BONSAI ART Award Chuhin auf der Trophy 2024
erschienen in BONSAI ART 186, von Mauro Stemberger
Die Geschichte dieses Bonsai begann 2010 in den Bergen im Grenzgebiet zwischen Italien und Frankreich, wo meine italienischen Bonsai-Freunde Giorgio Castagneri und Gino Costa die Kiefer fanden und ausgruben. Mir fiel der Baum bei Giorgios Sommerfest auf und ich kaufte ihn 2012, denn obwohl er keine Spitze besaß und mit seinen langen, kahlen Ästen wenig attraktiv wirkte, sah ich das große Potential des Baumes.

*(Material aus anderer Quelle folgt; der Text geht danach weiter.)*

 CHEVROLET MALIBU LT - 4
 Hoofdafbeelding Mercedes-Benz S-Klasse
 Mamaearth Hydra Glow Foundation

Nach einer angemessenen Erholungsphase begann die Gestaltung im März 2013 damit, dass der obere rechte Ast um den Stamm und dessen Totholz herum gebogen wurde. Hierfür musste der Ast teilweise ausgehöhlt werden, um ihn biegsam genug zu machen. Der untere Ast wurde mit Spanndrähten über die Jahre 2014 und 2015 langsam in eine kompaktere Form gebracht, während die Kiefer sich ansonsten erholen und Kräfte sammeln durfte.

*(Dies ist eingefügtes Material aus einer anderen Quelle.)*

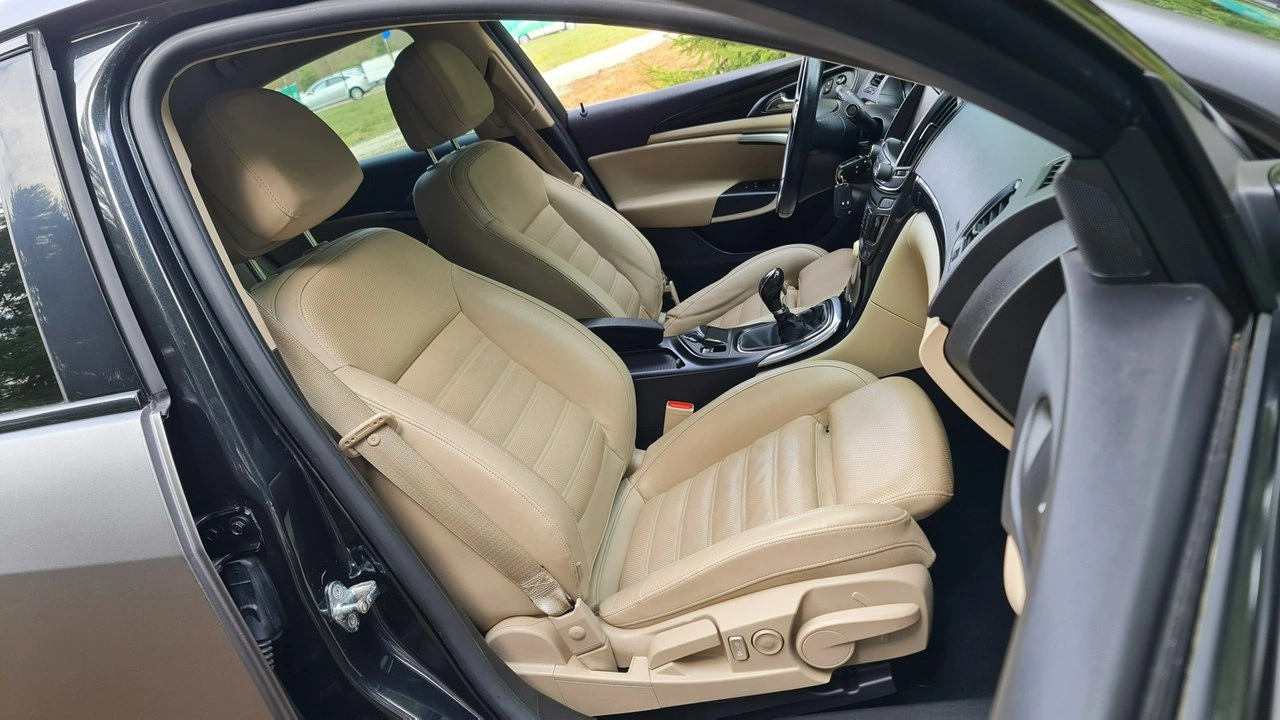 Opel Insignia - Zdjęcie 6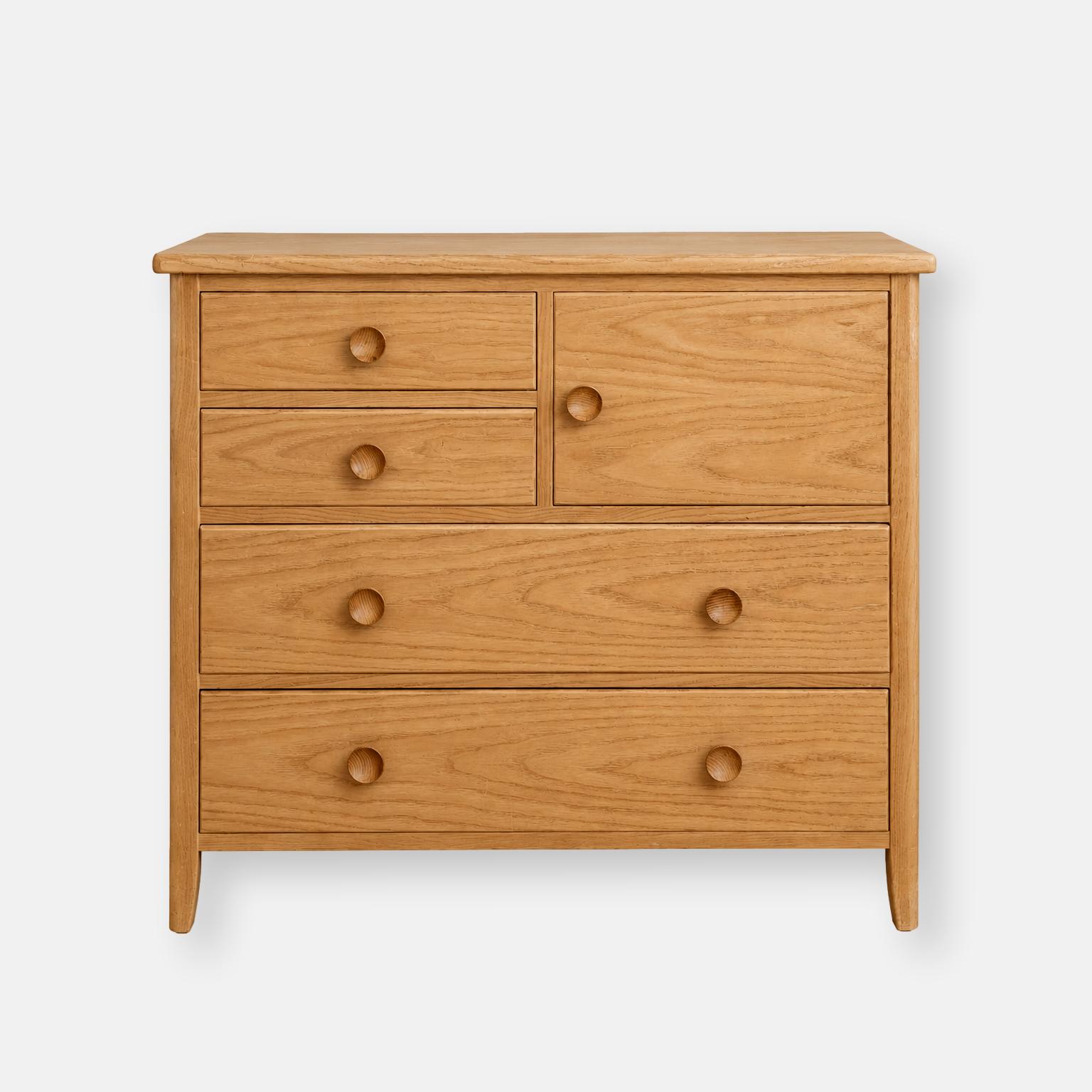Grande commode à langer vintage – restaurée sur demande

2016 erfolgte die erste gründliche Gestaltung der Wald-
Kiefer im Rahmen meiner Demo auf der Ausstellung der UBI (Unione Bonsaiisti Italiani), mit der tatkräftigen Hilfe meines Teams (Rudy, Paolo, Alessandro und Maryanyela). Wir bauten eine solide Aststruktur um den Stamm herum auf und formten quasi zwei Kronen, weil der untere Ast einfach zu mächtig war, um nur ein Laubpolster zu tragen. Wir waren anschließend sehr zufrieden mit dem Ergebnis und ich hatte das Gefühl, der Baum war es auch.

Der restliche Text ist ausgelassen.